BRIEF SUMMARY OF THE INVENTION
[0029] An object of the present invention is to suppress a leak
current at a detection section due to crystal defects in a
peripheral portion of a device isolation region, and another object
of the invention is to increase a channel width without involving
an increase in size of a detection section, thereby achieving
complete transfer of charge and enhancement of photosensitivity at
the same time.
[0030] The present invention provides a solid state imager
comprising: a device isolation region provided on a semiconductor
substrate of a first conductivity type; a photoelectric conversion
element disposed within a device region surrounded by the device
isolation region; and a transfer gate, provided within the device
region, for transferring a charge produced by the photoelectric
conversion element to a detection section. The detection section is
an impurity region of a second conductivity type disposed within
the device region, and at least a portion of edge portions of the
detection section, which exclude an edge portion adjoining a
channel region of the transfer gate, is spaced apart from the
device isolation region.
[0031] Additional objects and advantages of the invention will be
set forth in the description which follows, and in part will be
obvious from the description, or may be learned by practice of the
invention. The objects and advantages of the invention may be
realized and obtained by means of the instrumentalities and
combinations particularly pointed out hereinafter.

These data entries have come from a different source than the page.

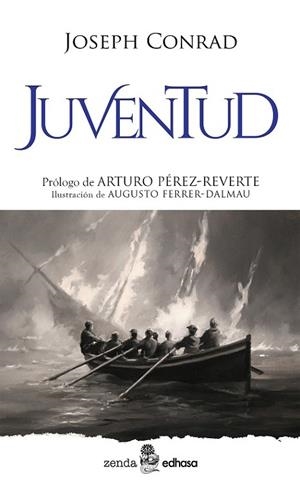 JUVENTUD | 9788435055796 | CONRAD, JOSEPH | Llibres Parcir | Llibreria Parcir | Llibreria online de Manresa | Comprar llibres en català i castellà online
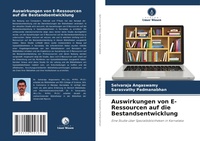 Abbildung von: Auswirkungen von E-Ressourcen auf die Bestandsentwicklung - Verlag Unser Wissen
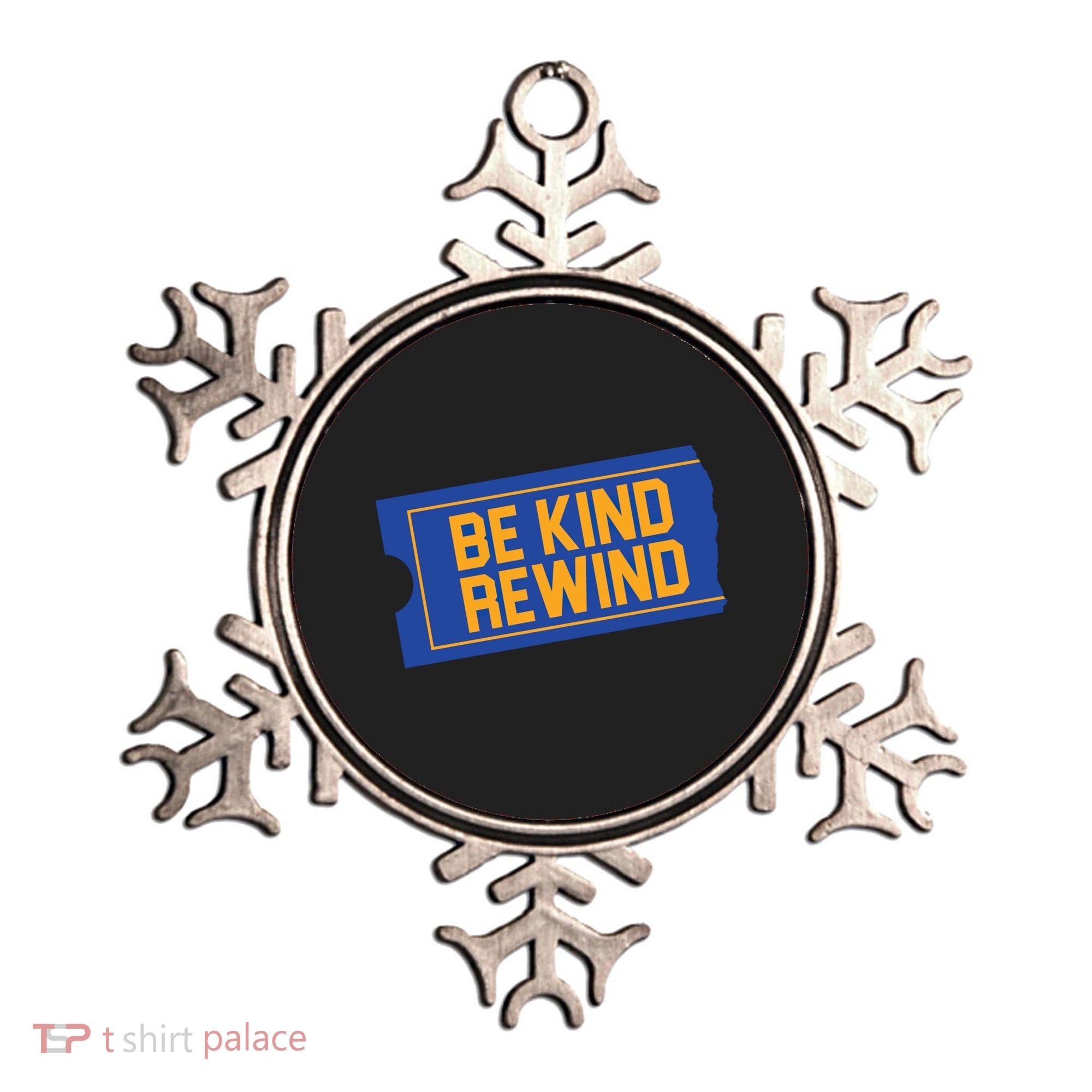 80s Gift Gift 90s Outfit Gift Be Kind Rewind Gift Ornament
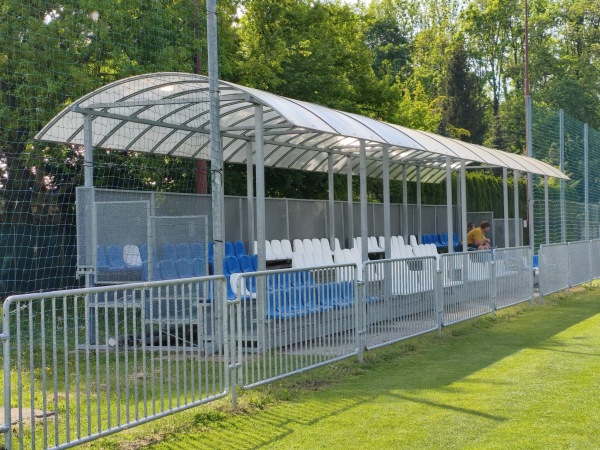 Areál Olympijská - Prostějov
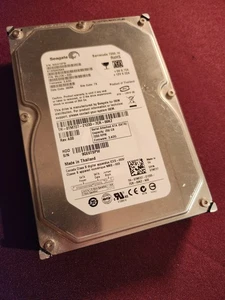 HDD Hard Drive SATA Desktop 3.5" Seagate ST3250820AS 250GB 9BJ13E-033 - Picture 1 of 4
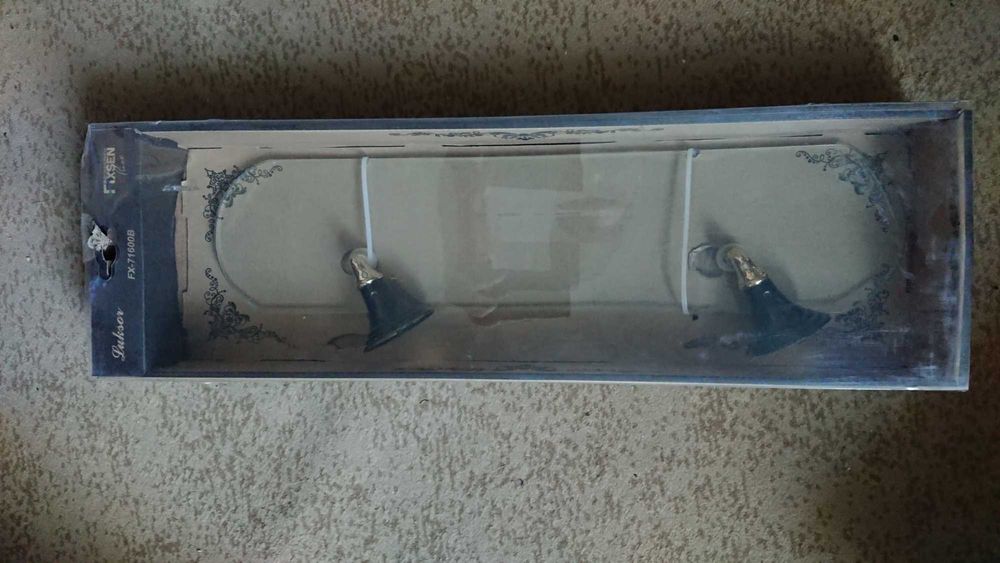 Полка для ванной FIXSEN FX-71600B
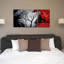 3 Piece Wrapped Canvas Print-1486428433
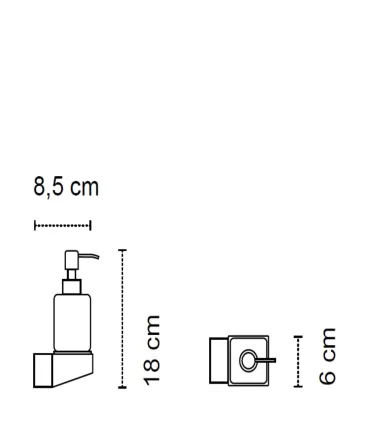 Dispenser "Neo" 8801
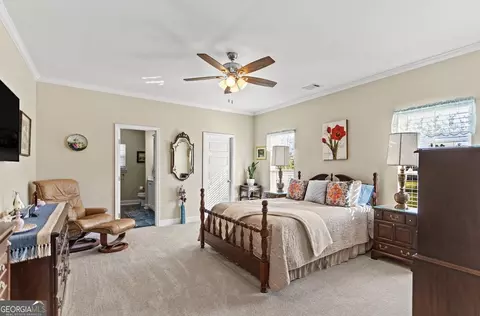 Bedroom - 105 Bluff Oak Dr, Brooklet, GA 30415 photo 1 of 3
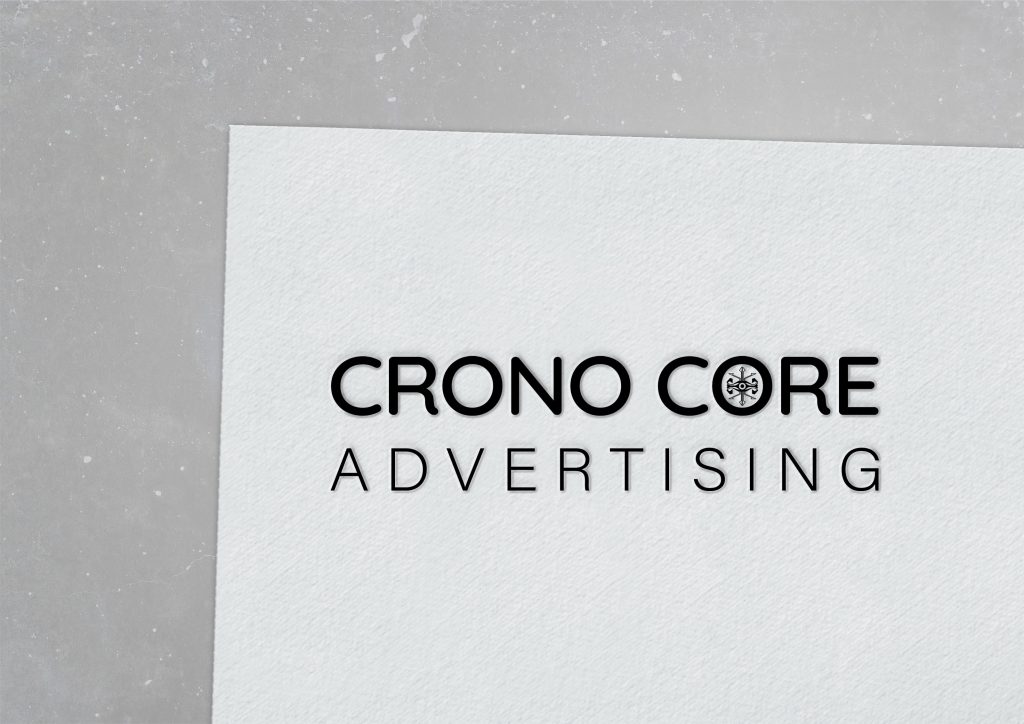 crono core advertising logo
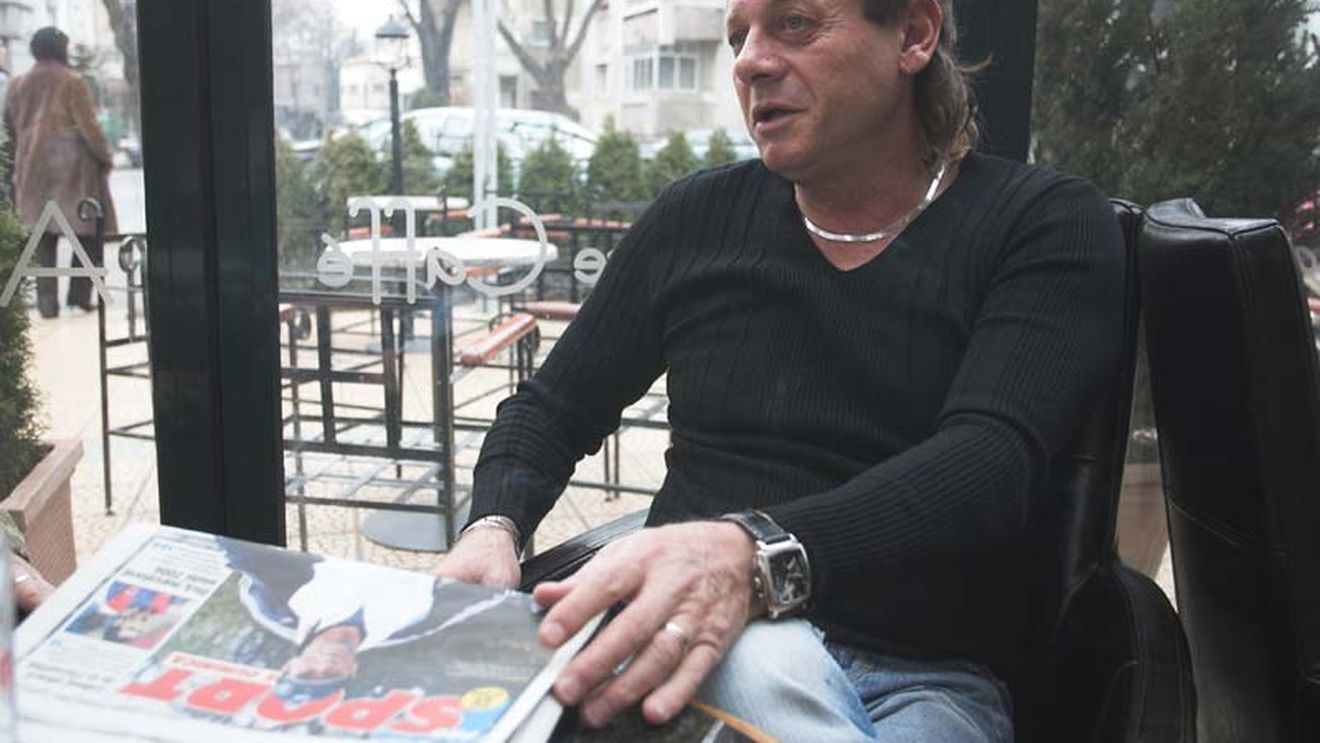 Balaci: "Mutu aduce cu mine! Îmi place de el, e singurul care ne-a câștigat meciuri!"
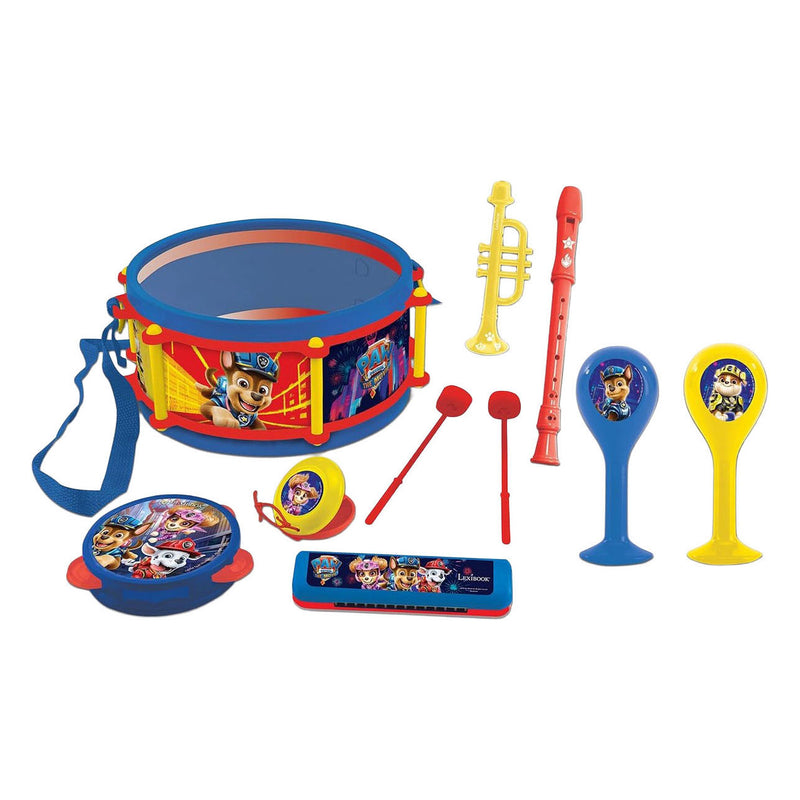 Load image into Gallery viewer, Paw patrol muziekset - 7dlg.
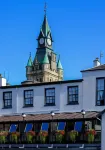 The City Hotel Hotel a Kelty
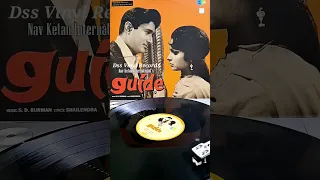 Guide 1965--Wahan Kaun Hai Tera--S. D. Burman--S. D. Burman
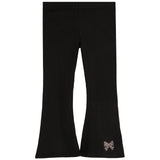 Bow Flare Pant - Denny's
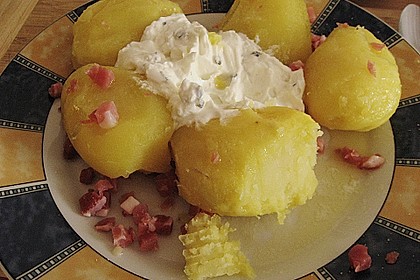Pellkartoffeln Rucki Zucki 8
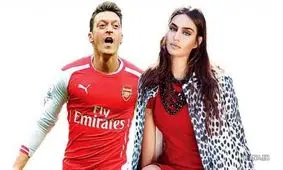 رابطه فوتبالیست معروف با زیباترین دختر یکی از کشورهای همسایه! + عکس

BRIEF DESCRIPTION OF THE SEVERAL VIEWS OF THE DRAWING
[0032] The accompanying drawings, which are incorporated in and
constitute a part of the specification, illustrate presently
embodiments of the invention, and together with the general
description given above and the detailed description of the
embodiments given below, serve to explain the principles of the
invention.
[0033] FIG. 1 is a circuit diagram showing a pixel of a
conventional solid state imager;
[0034] FIG. 2 is a plan view of a conventional solid state
imager;
[0035] FIG. 3 is a cross-sectional view taken along line III-III in
FIG. 2;
[0036] FIG. 4 is a cross-sectional view taken along line IV-IV in
FIG. 2;
[0037] FIG. 5 is a plan view showing a first embodiment of a solid
state imager according to the present invention;
[0038] FIG. 6 is a cross-sectional view taken along line VI-VI in
FIG. 5;
[0039] FIG. 7 is a cross-sectional view taken along line VII-VII in
FIG. 5;
[0040] FIG. 8 is a plan view showing a second embodiment of the
solid state imager according to the present invention;
[0041] FIG. 9 is a cross-sectional view taken along line IX-IX in
FIG. 8;
[0042] FIG. 10 is a cross-sectional view taken along line X-X in
FIG. 8;
[0043] FIG. 11 is a plan view showing a third embodiment of the
solid state imager according to the present invention;
[0044] FIG. 12 is a cross-sectional view taken along line XII-XII
in FIG. 11;
[0045] FIG. 13 is a cross-sectional view taken along line XIII-XIII
in FIG. 11;
[0046] FIG. 14 is a plan view showing a modification of the third
embodiment of the solid state imager according to the present
invention;
[0047] FIG. 15 is a cross-sectional view taken along line XV-XV in
FIG. 14;
[0048] FIG. 16 is a cross-sectional view taken along line XVI-XVI
in FIG. 14;
[0049] FIG. 17 is a cross-sectional view showing a device structure
of a buried-type photodiode;
[0050] FIG. 18 is a plan view showing a fourth embodiment of the
solid state imager according to the present invention;
[0051] FIG. 19 is a cross-sectional view taken along line XIX-XIX
in FIG. 18;
[0052] FIG. 20 is a cross-sectional view taken along line XX-XX in
FIG. 18; and
[0053] FIG. 21 is a circuit diagram showing an equivalent circuit
of the device shown in FIG. 18.
DETAILED DESCRIPTION OF THE INVENTION
[0054] A solid state imager of the present invention will be
described below in detail with reference to the accompanying
drawings.
[0055] First Embodiment
[0056] FIG. 5 shows a first embodiment of a solid state imager
according to the present invention. FIG. 6 is a cross-sectional
view taken along line VI-VI in FIG. 5, and FIG. 7 is a
cross-sectional view taken along line VII-VII in FIG. 5.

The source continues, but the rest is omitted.